Task directions
Retype, without changes, every line from the line that contains "BaByliss PRO Pink" through the final line of the records. Exclude pictures.

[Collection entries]
----------------------------------------
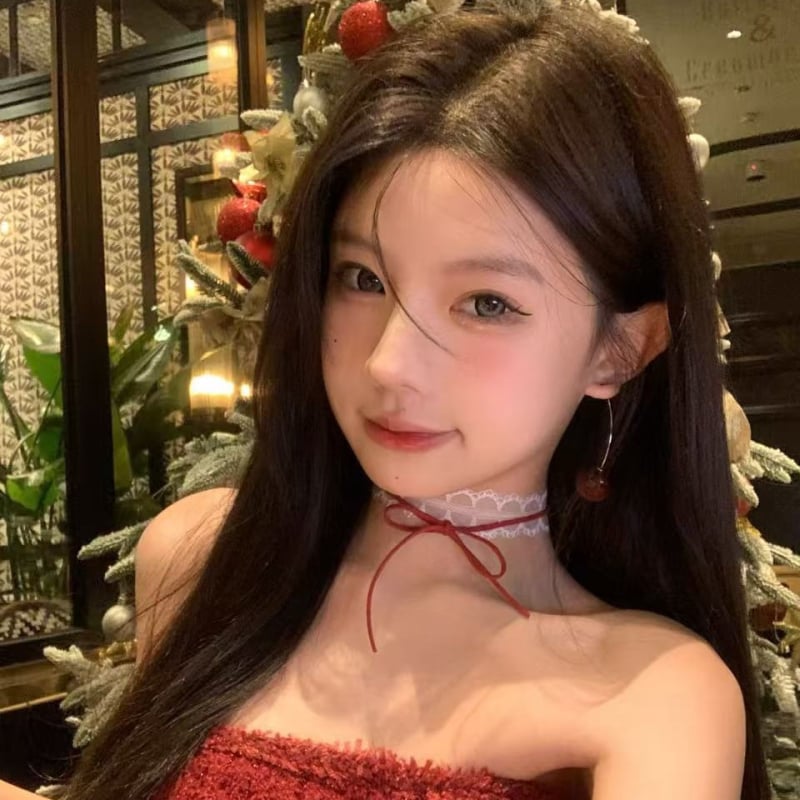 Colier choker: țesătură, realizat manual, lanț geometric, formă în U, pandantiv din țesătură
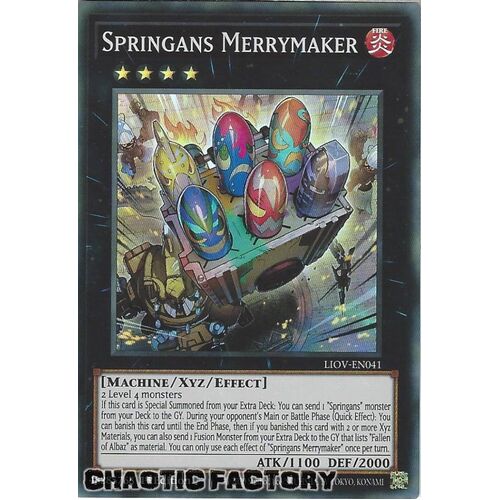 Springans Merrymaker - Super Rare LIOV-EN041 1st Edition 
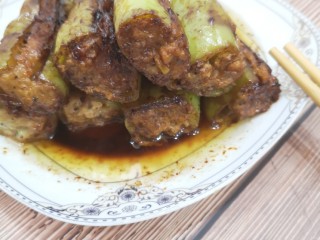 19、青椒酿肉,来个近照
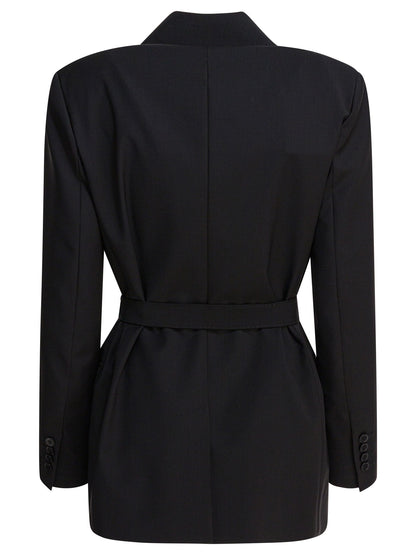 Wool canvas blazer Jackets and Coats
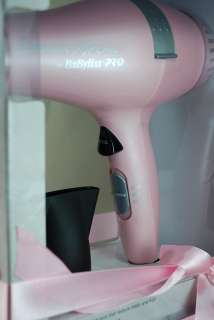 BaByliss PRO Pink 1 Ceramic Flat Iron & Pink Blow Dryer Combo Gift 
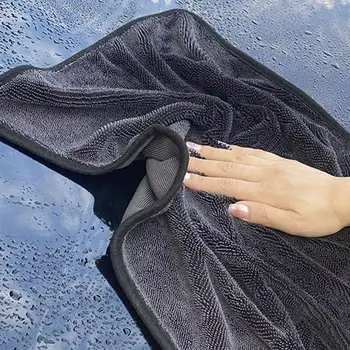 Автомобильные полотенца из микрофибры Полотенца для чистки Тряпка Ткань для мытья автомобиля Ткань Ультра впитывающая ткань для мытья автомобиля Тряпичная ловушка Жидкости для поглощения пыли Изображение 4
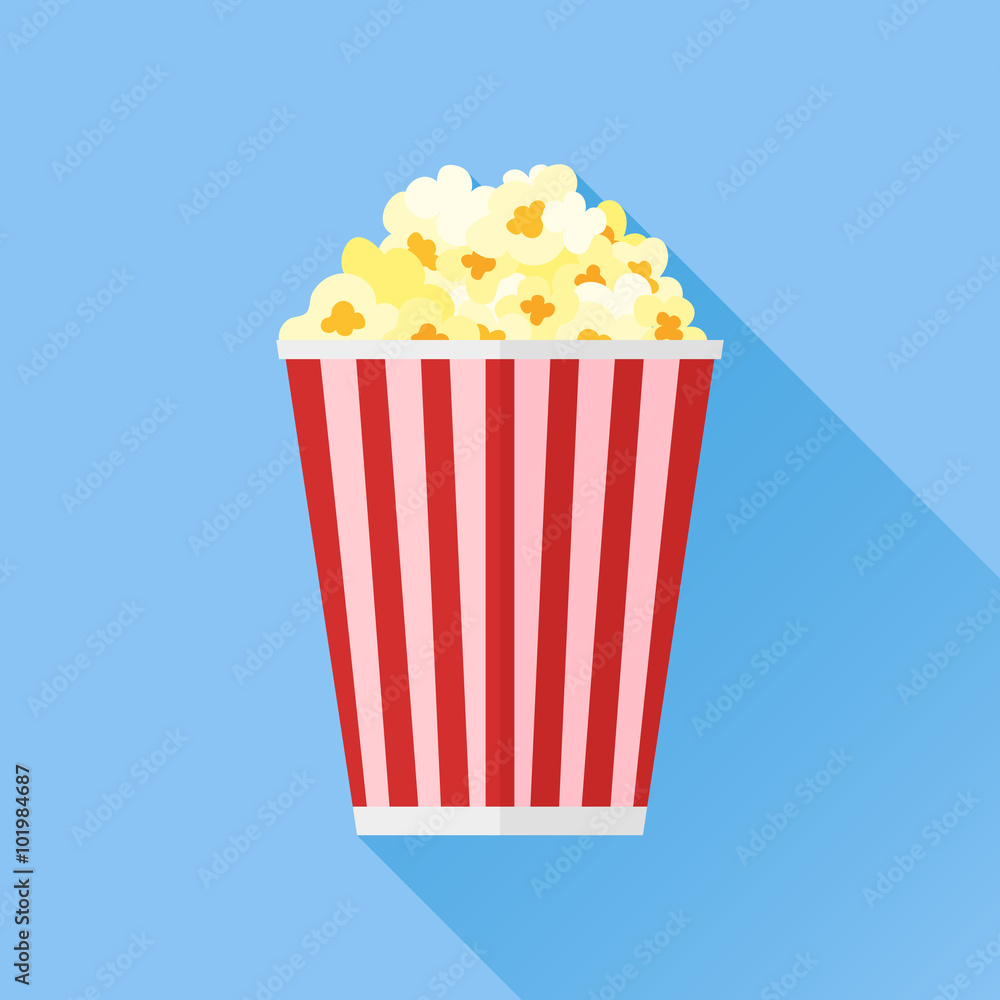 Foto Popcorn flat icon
----------------------------------------
Result
 BaByliss PRO Pink 1 Ceramic Flat Iron & Pink Blow Dryer Combo Gift 
 Автомобильные полотенца из микрофибры Полотенца для чистки Тряпка Ткань для мытья автомобиля Ткань Ультра впитывающая ткань для мытья автомобиля Тряпичная ловушка Жидкости для поглощения пыли Изображение 4
 Foto Popcorn flat icon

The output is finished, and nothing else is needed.